Drépanocytose : Ces regards et violences verbales qui accablent davantage les malades

Dans de nombreuses communautés, les personnes atteintes de drépanocytose ne font pas seulement face à une maladie génétique douloureuse, mais aussi à une autre réalité souvent invisible « la violence des mots et des croyances qui les entourent ». Les malades seraient ainsi associés à des causes surnaturelles, allant de la sorcellerie à des symboles mystiques comme le serpent. Certains discours affirment même que ces personnes seraient “touchées par un serpent” ou victimes de forces occultes, des représentations qui alimentent peur et stigmatisation.

Ces croyances s’accompagnent parfois par des prédictions dramatiques, notamment l’idée que les personnes drépanocytaires n’atteignent pas l’âge de l’adolescence. Ces affirmations, répétées et banalisées, finissent par s’ancrer dans les esprits et rendent difficile toute discussion rationnelle sur la maladie.

« Les idées les plus répandues, c’est que les sorciers nous mangent. Nous sommes les enfants des sorciers et que cest le serpent qui suce notre sang. Sûrement le serpent de la Genèse ! », a déclaré Ley Nang, Présidente de l’ONG Zoé action.

Le témoignage souligne une réalité préoccupante, la confusion entre croyances traditionnelles et explications médicales qui peuvent freiner l’accès aux soins et isoler les personnes concernées. Dans certains cas, les malades doivent non seulement lutter contre la douleur physique, mais aussi contre la honte et les accusations implicites.

« Il y a aussi les rumeurs comme quoi, on ne vit pas après 18 ans, dès qu’on a 13, 14, 15 ans, 16 ans, on meurt. Or ce nest pas vrai moi j’aurai 45 ans dans quelques jours et jai des enfants. Il suffit de bien se faire suivre par des spécialistes, et forger le moral », a ajouté Présidente de l’ONG Zoé action.

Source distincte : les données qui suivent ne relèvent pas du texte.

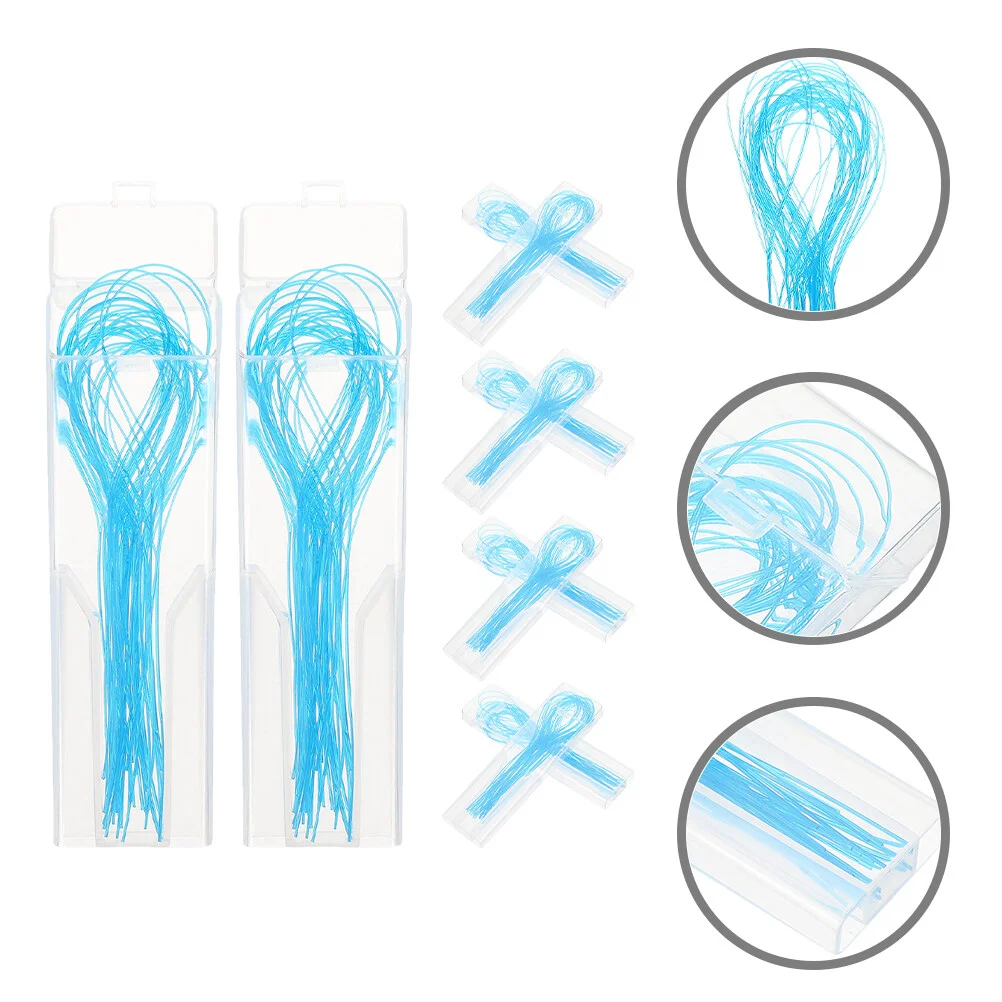 

10 Boxes Holder Bridge Floss Threader Gum Supplies Brace Flossers Braces Toy Threaders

Au cœur de ces violences verbales, la drépanocytose est souvent mal comprise Pourtant, il s’agit d’une maladie du sang d’origine génétique. Elle affecte les globules rouges, qui prennent une forme anormale et peuvent bloquer la circulation sanguine, provoquant des douleurs intenses et des complications parfois graves.

Les spécialistes rappellent que la drépanocytose est une pathologie chronique nécessitant un suivi médical adapté. Elle n’a aucun lien avec la sorcellerie ou des causes mystiques, contrairement à ce que certains préjugés reçus laissent entendre.

Au-delà de la dimension médicale, cette situation met en évidence un enjeu social majeur, la nécessité de lutter contre la désinformation et les stigmatisations. Pour les personnes atteintes, être reconnu dans leur maladie sans jugement ni peur reste un combat quotidien.

La drépanocytose constitue un enjeu majeur de santé publique au Gabon. Près de 25% de la population est porteuse du trait drépanocytaire (AS) et environ 2% sont atteints de la forme (SS). Si le dépistage et la sensibilisation se multiplient, la prise en charge reste complexe en raison du coût des soins.